Hoy me han invitado a comer. Y el restaurante era antiguo. Muy antiguo.

Antigua la carta. Desordenada y caótica. Y larga, muy larga pero, a la vez, poco variada. Y todo eran platos pesados. Muuuy pesados. En medio del descontrol he conseguido encontrar dos ensaladas. Una ha resultado ser lechuga de bolsa con unos trozos de tomate (normalillos) y un poquito de atún. La otra eran unas alcachofas “confitadas” (de pote) con unas bolitas de mozzarella también de pote (increíble que en la época de las alcachofas, te las traigan como si no fuera la época). ¿Precio de cada ensalada? Quince euros. Qué morro!! Por este precio, como mínimo, allí tendría que haber habido una idea, una intención, un toque, alguna cosa... Eso sí, el tamaño era gigante. Una ensalada de aquellas podría haber sido, perfectamente, plato único.

Los segundos estaban todos pensados para alimentar a un grupo de mineros hambrientos. El entrecot de kilo, el filete con salsa, todo el pescado al horno con patatas (muchas patatas) o en suquet. Ningún plato “amable” y “relajado”. Nada a la plancha. Todo contundente.

Y los postres... ¡Dios mio! Para bajar todo aquello, lo más ligero era la piña natural. Y van y me traen un cuarto de piña. Y de una pieza gigante!!! Creo que tendré fibra hasta el día que me expongan en el tanatorio. Incluso el cortado ha venido en un vaso que en muchos sitios lo considerarían de café con leche.

Y ahora viene la primera reflexión. El restaurante tenía ocupadas sólo 3 mesas. Lógico. 1/ por oferta (la cocina moderna es ligera), 2/ por precio (la gente no se gasta 90 euros –sin vino, que bebimos agua- para comer dos personas una ensalada sin alma y un pescado al horno) y 3/ por cantidad (la gente por la tarde trabaja y no puede ir arrastrando una digestión de día de Sant Esteve).
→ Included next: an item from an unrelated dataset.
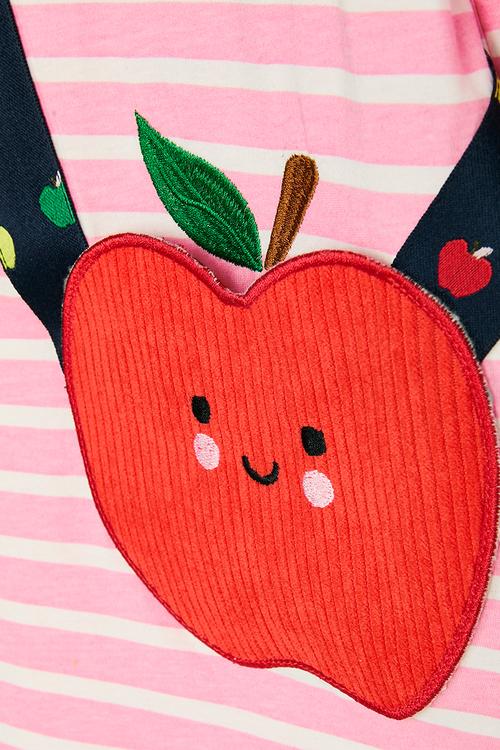 Tshirt dress with embroidered strap apple pocket - pink stripe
Sin embargo, mientras intentaba digerir todo aquello, me ha venido a la cabeza una segunda reflexión. Esta semana ha sido noticia que el departament de Salut ha presentado el estudio “Acompanyar els àpats dels infants”. Así resumido, la cosa sería que los comedores escolares ahora ofrecen unos menús equilibrados y sanos, pero a veces los platos tienen demasiada cantidad de comida para el hambre de los chiquillos. A partir de ahora, ya no será obligatorio acabarse todo el contenido. Vaya, que los niños comerán por el hambre que tengan.
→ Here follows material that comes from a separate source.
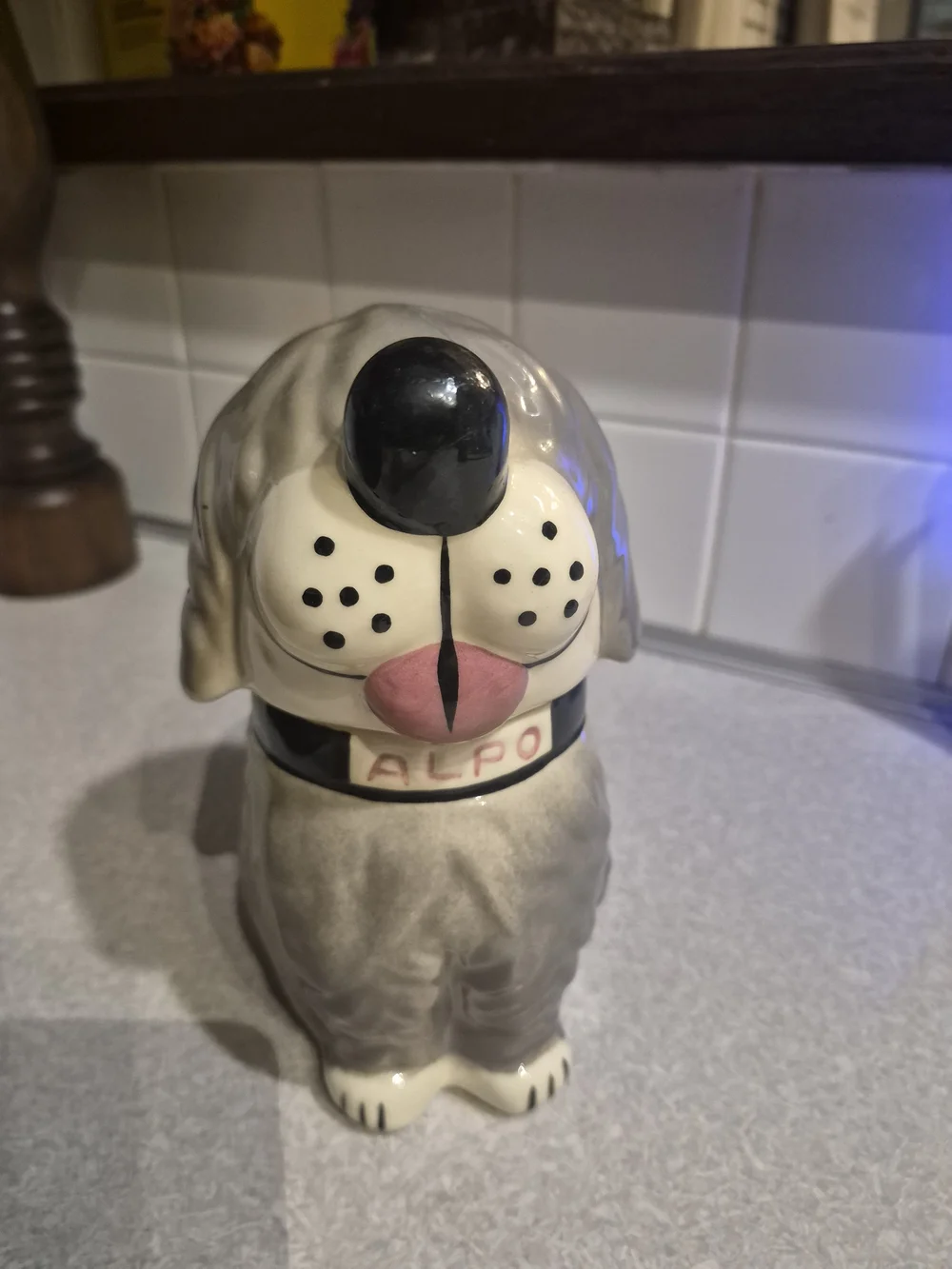 Gray Dog Cookie Jar - Ceramic Decorative Treat Jar Alpo Vintage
La medida evitará sobrepeso, trastornos alimenticios y, sobre todo, aquellos traumas que muchos chiquillos arrastran toda la vida porque durante años han tenido que acabarse platos que no se acababan nunca. Ahora sólo falta otra medida todavía de más sentido común y que evitará que los niños se dejen la comida: que les llenen el plato con la cantidad que pidan. En la escuela y en casa. Basta ya y para siempre de frases como: “Te pongo una cucharada más, que está muy bueno” o “va, un trocito más, que tienes que crecer”.